How Does Daisy Present The American Dream In The Great Gatsby (Essay Example)

📌Category: Books, The Great Gatsby
📌Words: 532
📌Pages: 2
📌Published: 27 September 2022

There are many different characters who play a crucial role in the interpretation of the novel's many themes in F. Scott Fitzgerald's, "The Great Gatsby." Daisy Buchanan, in my understanding, is a naive and superficial young woman who, at one point, finds herself in love with someone before marrying another man. She is used to a particular way of life and a particular set of people. Only the shallowness with which she chooses to go about life surpasses her money and class. Daisy is not simply the classic 1920s woman, but she is also a deeper representation of the very real, but hard to find American dream.

Daisy's interests with the security and comfort of old money shapes her character throughout the book. She is drawn by its aura and "saw something awful in the very simplicity she failed to understand"(Gatsby 115) after getting a feel of the West Egg. Daisy is a character who develops many habits and who is frightened by the unknown. Gatsby challenges her to explore outside of her comfort zone and widen her experiences by trying new money, only to return to the steadiness she's become accustomed to. Her persona reflects the aristocratic and noble East Egg group, which is motivated by consumerism and fearful of social class fall.

In pursuit of the American dream Daisy appears to be the flawless match and that everything she does, fully represents the American dream. She is so beautiful that she can charm Jay Gatsby “I looked back at my cousin who began to ask me ques- tions in her low, thrilling voice. It was the kind of voice that the ear follows up and down as if each speech is an arrange- ment of notes that will never be played again."(Gatsby 12) Fitzgerald presents Daisy as a perfection, but as the novel goes on she falls short of all the predetermined beliefs. Daisy utilizes her external beauty as a deception to attract anyone willing to listen to her. Even the sound of her voice captures the attention of the men in her life, rendering them powerless in the face of her.

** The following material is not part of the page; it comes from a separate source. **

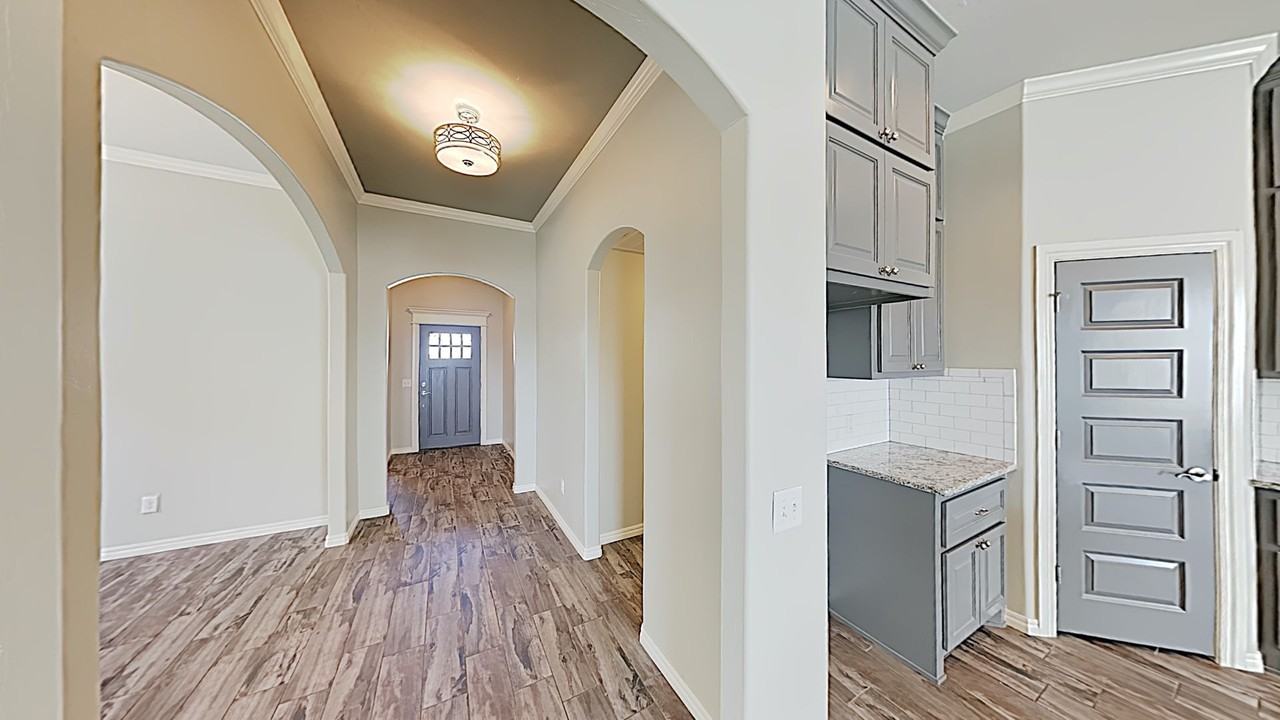 3224 Wakefield Rd - Photo 4 of 26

Daisy's greatest distinguishing feature is that she is a real person. She isn't the imaginary fantasy lady that Gatsby dreams and desires, but a real, living woman who is ultimately imperfect. Daisy "There must have been moments even that afternoon when Daisy tumbled short of his dreams—not through her own fault but because of the colossal vitality of his illusion." (Gatsby 103) Gatsby has portrayed her as a magical, angelic figure, and he believes that, like his fortune, he may gain her through time. Daisy is, in the end, Gatsby's American dream, but he will never be able to have her because of his wildly unrealistic conception of her.

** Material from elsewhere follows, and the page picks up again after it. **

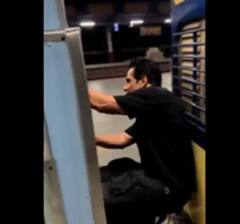 Sonu Sood: ਟਰੇਨ ਦੀਆਂ ਪੌੜੀਆਂ 'ਤੇ ਬੈਠ ਕੇ ਸਫਰ ਦਾ ਮਜ਼ਾ ਲੈ ਰਿਹਾ ਸੀ ਸੋਨੂੰ ਸੂਦ, ਵੀਡੀਓ ਦੇਖ ਕੇ ਉੱਤਰੀ ਰੇਲਵੇ ਨੇ ਲਾਈ ਫੱਟਕਾਰ, ਕਿਹਾ-ਤੁਸੀਂ ਰੋਲ ਮਾਡਲ ਹੋ...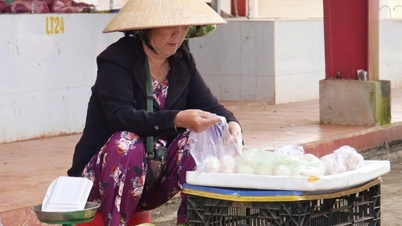 Về với mẹ…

Daisy's role in the Gatsby exemplifies the unattainable ambition of one day becoming successful and happy as a result of countless years of hard labor. Her exterior is shown as beautiful and pure, despite the fact that she is shallow and hungry on the inside. Her idealistic look is deceptive, and it is her graceful, dreamlike aspect that draws others in. Daisy's shallowness and reliance on money has an effect on everyone around her, eventually leading to her own inner misery and deep hole of loss. Her character is realistic in the sense that it is similar to the American dream in that both are eventually unsatisfying and clearly about the selfish pursuit of pleasure.